The second-story bridge between Widener and Houghton libraries, which dates from 1941, will be torn down next year.
The second-story bridge between Widener and Houghton libraries, which dates from 1941, will be torn down next year.
By Zachary M. Seward, Contributing Writer

The covered bridge connecting Widener and Houghton Libraries, whose peculiar history has long peppered Harvard tours with quirky anecdotes, will be demolished this spring, library officials have announced.

The bridge, which has been closed to the public since March 2002, will meet its demise after 60 years of precariously allowing staff and patrons to shuttle between the libraries through a window in the stacks of Widener.

Larsen Librarian of Harvard College Nancy M. Cline said that “fire safety and security” necessitated the bridge’s demolition.

“There was not a logical way to plan for egress, and at the same time to take care of the security of the two buildings,” Cline said, adding, however, that the bridge remains structurally sound.

According to William P. Stoneman, Houghton’s head librarian, saving the bridge was not economically viable.

“It’s safe to say that if you wanted to put a great deal of money into [the bridge], you could have made it work,” Stoneman said.

Although the bridge had become increasingly obsolete in recent years, the structure remained aloft as harried students and gawking tour groups continued to pass underneath.

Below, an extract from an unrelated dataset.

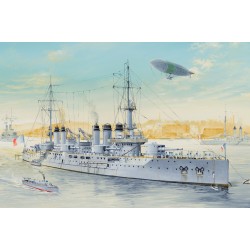 1:350 Френски боен кораб Волтер (French Navy Pre-Dreadnought Battleship Voltaire)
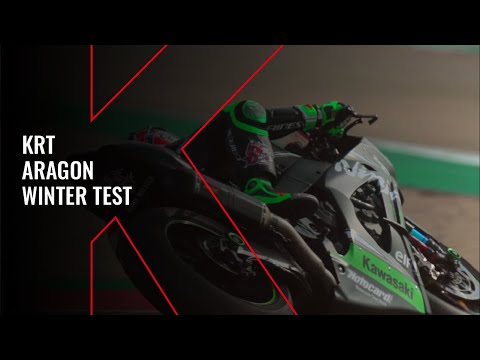 Kawasaki Motorland Aragon Winter test – Step by Step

Under the conditions of a 1912 agreement between the University and Eleanor Elkins Widener, the library’s benefactor, no “additions or alterations” could be made to the facade of the building.

As such, when Widener was connected to Houghton in 1942, the bridge had to be constructed through a preexisting window, forming one of Harvard’s most unusual architectural structures.

“It’s definitely one of the stories that garners the most laughs,” said Doris C. Huang ’06, who guides tourists through Harvard for the Crimson Key Society.

Huang, who challenges her tourists to be “as creative as the Harvard architects and think of a loophole” in Mrs. Widener’s stipulation, lamented the forthcoming loss of one of her favorite anecdotes.

Before its closure last year, the bridge allowed patrons of Houghton who used the library’s rare book and manuscript collection to move easily into Widener’s more general offerings. Patrons and staff could access the two-way bridge through a buzzer system.

But use of the bridge had waned recently as the library system’s online offerings increased, according to Stoneman.

“A lot of things that people had to go to Widener for, they now do electronically,” Stoneman said.

Still, Stoneman and Cline agreed that the bridge’s demise represents a significant loss for the two libraries, if only for their staff.

“It’s always been a...much appreciated connection for the staff,” Cline said, noting that the structure provided a protected thoroughfare during the Cambridge winters.

Mrs. Widener’s gift, which historians have estimated at over $4 million, provided the funds to build the Harry Elkins Widener Memorial Library.

The library was named after her son, a member of the Class of 1907, who bequeathed his prized book collection the University following his death on the Titanic.

Harry Widener’s father also perished in the 1912 disaster, but his mother, Eleanor Widener, survived on a lifeboat and went on to endow what would become Harvard’s premiere library.

Mrs. Widener’s altruism, however, came with a few peculiar conditions, including a provision permitting her “to do grading and landscape work” on the grounds of the new library.

But the clause forbidding “additions or alterations” to the exterior has proved the most troublesome for Harvard architects and lawyers, and the Solomonic compromise which gave birth to the now doomed bridge between Widener and Houghton has stood in University lore for decades.